• Hey, guest user. Hope you're enjoying NeoGAF! Have you considered registering for an account? Come join us and add your take to the daily discourse.

Sudden slowdown in OS X

Status
Not open for further replies.

RevenantKioku

PEINS PEINS PEINS PEINS PEINS PEINS PEINS PEINS PEINS PEINS PEINS PEINS oh god i am drowning in them
All of a sudden, my 800 MHz G4 iBook has slowed to all hell. There is 9GB free on the hard-drive, 256MB of ram. I come home from work, and all of a sudden it just slugs through loading applications. What the hell is going on?

And anyone who uses Kotoeri for Japanese input, how do you set it so that each window has its own input mode? Somehow it got changed so that OS X is sticking to one input mode no matter what window I'm in. Its really frustrating.
 

RevenantKioku

PEINS PEINS PEINS PEINS PEINS PEINS PEINS PEINS PEINS PEINS PEINS PEINS oh god i am drowning in them
I wouldn't know what that means.
I've got to run to work for four hours, but I think I should also mention the fan seems to be working a bit more than usual.

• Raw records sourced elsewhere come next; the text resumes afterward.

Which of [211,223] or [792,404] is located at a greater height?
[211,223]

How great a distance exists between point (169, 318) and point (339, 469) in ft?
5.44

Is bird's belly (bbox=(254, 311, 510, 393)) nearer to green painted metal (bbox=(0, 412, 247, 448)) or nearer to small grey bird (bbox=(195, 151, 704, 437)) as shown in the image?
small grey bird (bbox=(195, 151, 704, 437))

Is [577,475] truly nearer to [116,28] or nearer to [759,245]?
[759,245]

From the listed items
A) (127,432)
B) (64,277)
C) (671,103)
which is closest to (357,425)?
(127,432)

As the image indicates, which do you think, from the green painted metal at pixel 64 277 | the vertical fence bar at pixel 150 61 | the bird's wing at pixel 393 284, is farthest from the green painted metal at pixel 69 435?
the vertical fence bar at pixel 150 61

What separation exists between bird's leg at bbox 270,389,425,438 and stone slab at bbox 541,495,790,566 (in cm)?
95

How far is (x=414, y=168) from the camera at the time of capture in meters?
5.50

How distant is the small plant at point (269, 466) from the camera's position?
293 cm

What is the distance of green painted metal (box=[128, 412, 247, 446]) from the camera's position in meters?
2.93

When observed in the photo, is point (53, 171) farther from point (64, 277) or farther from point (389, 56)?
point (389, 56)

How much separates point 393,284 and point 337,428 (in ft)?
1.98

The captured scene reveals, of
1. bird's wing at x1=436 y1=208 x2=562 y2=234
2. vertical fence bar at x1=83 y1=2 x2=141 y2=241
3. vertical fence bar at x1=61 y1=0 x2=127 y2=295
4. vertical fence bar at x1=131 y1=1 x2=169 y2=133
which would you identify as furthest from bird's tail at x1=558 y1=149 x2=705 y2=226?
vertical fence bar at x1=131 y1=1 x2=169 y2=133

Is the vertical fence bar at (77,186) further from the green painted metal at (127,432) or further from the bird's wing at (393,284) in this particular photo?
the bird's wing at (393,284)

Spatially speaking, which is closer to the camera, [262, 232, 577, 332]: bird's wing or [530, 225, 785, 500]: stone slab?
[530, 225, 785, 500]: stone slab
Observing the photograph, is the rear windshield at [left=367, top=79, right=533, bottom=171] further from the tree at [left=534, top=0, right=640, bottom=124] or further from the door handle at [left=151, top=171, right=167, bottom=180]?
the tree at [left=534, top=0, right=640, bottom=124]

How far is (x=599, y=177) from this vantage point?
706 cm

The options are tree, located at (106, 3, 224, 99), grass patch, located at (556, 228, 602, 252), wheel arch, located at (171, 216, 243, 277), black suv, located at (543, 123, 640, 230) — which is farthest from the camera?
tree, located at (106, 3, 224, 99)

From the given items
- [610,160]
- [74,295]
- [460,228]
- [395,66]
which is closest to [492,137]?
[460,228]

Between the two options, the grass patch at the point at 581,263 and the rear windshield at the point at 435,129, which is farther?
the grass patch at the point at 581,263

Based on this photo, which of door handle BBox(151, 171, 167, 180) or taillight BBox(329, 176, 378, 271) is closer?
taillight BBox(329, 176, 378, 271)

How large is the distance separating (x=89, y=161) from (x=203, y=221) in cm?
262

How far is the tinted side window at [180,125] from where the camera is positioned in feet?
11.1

Also if I pick up the iBook, the fan makes a terrible noise.
 

shantyman

WHO DEY!?
Repairing disk permissions will likely not help anything.

I can say without equivocation that you need more memory.
 

RevenantKioku

PEINS PEINS PEINS PEINS PEINS PEINS PEINS PEINS PEINS PEINS PEINS PEINS oh god i am drowning in them
Where's a good spot for laptop RAM buying purposes?

*cue goodcow saying amazon now sells RAM*
 

Phoenix

Member
Yeah, might first bet would be that over time you've gone over the ability for your machine to operate happily in 256MB. Hit Amazon, MacMall.com, or MacSales.com and you're likely golden.

Repairing disk permissions can help if what's happening is related to a library that the OS is continually trying to access. You should run it every so often anyways (download Macaroni from versiontracker.com and it will handle routine maintenance tasks like this). You can get to the Disk utility in Applications/Utilities/Disk Utility. In the Utility select the disk and then click on the Repair permissions button.
 

SuperPac

Member
I've put extra RAM in my iBook... it's a fairly painless procedure. The instructions should be in the booklet that came with the machine. The worst part about it is that I think you'll have to remove the airport card (if you have one) first. That requires some tools to unscrew some *really* tiny screws.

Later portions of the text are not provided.